Central sensitization plays a pivotal role in the maintenance of chronic pain induced by chronic pancreatitis (CP). We hypothesized that the nucleus tractus solitarius (NTS), a primary central site that integrates pancreatic afferents apart from the thoracic spinal dorsal horn, plays a key role in the pathogenesis of visceral hypersensitivity in a rat model of CP.
To investigate the role of the NTS in the visceral hypersensitivity induced by chronic pancreatitis.

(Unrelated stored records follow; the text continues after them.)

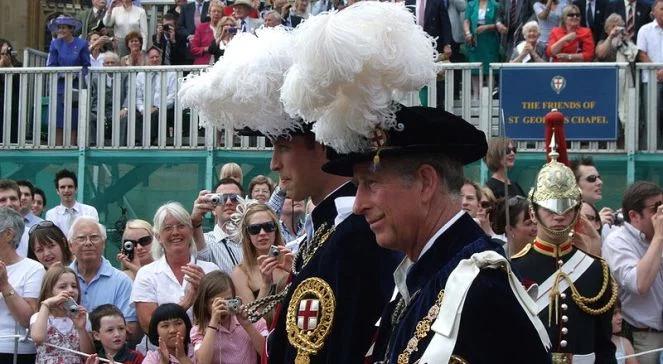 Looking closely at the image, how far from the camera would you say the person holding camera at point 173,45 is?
17812 mm

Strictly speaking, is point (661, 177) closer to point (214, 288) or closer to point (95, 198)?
point (95, 198)

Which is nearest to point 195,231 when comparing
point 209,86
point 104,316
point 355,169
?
point 104,316

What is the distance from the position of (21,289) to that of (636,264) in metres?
3.94

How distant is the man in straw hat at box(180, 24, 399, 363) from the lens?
5293 millimetres

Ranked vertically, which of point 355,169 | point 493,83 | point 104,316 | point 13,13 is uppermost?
point 13,13

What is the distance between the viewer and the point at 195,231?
9.65m

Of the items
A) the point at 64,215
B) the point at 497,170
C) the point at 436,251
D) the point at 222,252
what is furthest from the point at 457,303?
the point at 64,215

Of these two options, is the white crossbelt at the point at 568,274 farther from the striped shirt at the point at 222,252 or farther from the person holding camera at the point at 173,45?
the person holding camera at the point at 173,45

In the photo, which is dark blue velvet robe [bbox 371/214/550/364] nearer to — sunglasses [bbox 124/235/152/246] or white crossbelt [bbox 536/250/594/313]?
white crossbelt [bbox 536/250/594/313]

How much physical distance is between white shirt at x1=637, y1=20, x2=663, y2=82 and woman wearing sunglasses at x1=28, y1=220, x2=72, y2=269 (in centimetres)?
707

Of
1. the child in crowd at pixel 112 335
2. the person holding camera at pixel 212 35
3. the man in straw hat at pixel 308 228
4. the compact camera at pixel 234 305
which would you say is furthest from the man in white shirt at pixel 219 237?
the person holding camera at pixel 212 35

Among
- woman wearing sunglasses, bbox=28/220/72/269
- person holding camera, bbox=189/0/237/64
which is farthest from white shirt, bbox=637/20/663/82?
woman wearing sunglasses, bbox=28/220/72/269

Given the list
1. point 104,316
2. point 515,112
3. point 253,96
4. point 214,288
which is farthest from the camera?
point 515,112

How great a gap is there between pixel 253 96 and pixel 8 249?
4550 millimetres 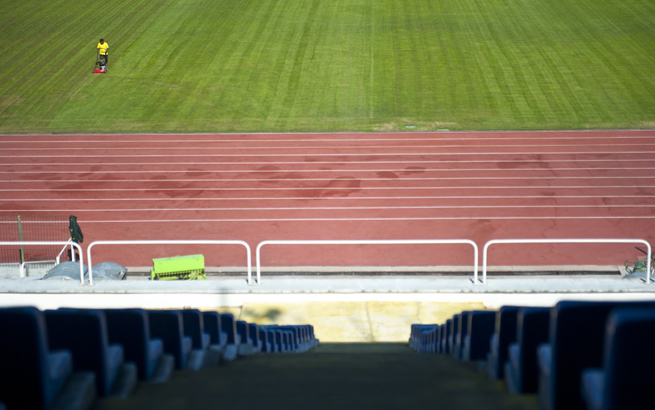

CP was induced by the intraductal injection of trinitrobenzene sulfonic acid (TNBS) in rats. Pancreatic hyperalgesia was assessed by referred somatic pain via von Frey filament assay. Neural activation of the NTS was indicated by immunohistochemical staining for Fos. Basic synaptic transmission within the NTS was assessed by electrophysiological recordings. Expression of vesicular glutamate transporters (VGluTs), N-methyl-D-aspartate receptor subtype 2B (NR2B), and α-amino-3-hydroxy-5-methyl-4-isoxazolepropionic acid receptor subtype 1 (GluR1) was analyzed by immunoblotting. Membrane insertion of NR2B and GluR1 was evaluated by electron microscopy. The regulatory role of the NTS in visceral hypersensitivity was detected via pharmacological approach and chemogenetics in CP rats.
TNBS treatment significantly increased the number of Fos-expressing neurons within the caudal NTS. The excitatory synaptic transmission was substantially potentiated within the caudal NTS in CP rats (frequency: 5.87 ± 1.12 Hz in CP rats vs 2.55 ± 0.44 Hz in sham rats, P < 0.01; amplitude: 19.60 ± 1.39 pA in CP rats vs 14.71 ± 1.07 pA in sham rats; P < 0.01). CP rats showed upregulated expression of VGluT2, and increased phosphorylation and postsynaptic trafficking of NR2B and GluR1 within the caudal NTS. Blocking excitatory synaptic transmission via the AMPAR antagonist CNQX and the NMDAR antagonist AP-5 microinjection reversed visceral hypersensitivity in CP rats (abdominal withdraw threshold: 7.00 ± 1.02 g in CNQX group, 8.00 ± 0.81 g in AP-5 group and 1.10 ± 0.27 g in saline group, P < 0.001). Inhibiting the excitability of NTS neurons via chemogenetics also significantly attenuated pancreatic hyperalgesia (abdominal withdraw threshold: 13.67 ± 2.55 g in Gi group, 2.00 ± 1.37 g in Gq group, and 2.36 ± 0.67 g in mCherry group, P < 0.01).
Our findings suggest that enhanced excitatory transmission within the caudal NTS contributes to pancreatic pain and emphasize the NTS as a pivotal hub for the processing of pancreatic afferents, which provide novel insights into the central sensitization of painful CP.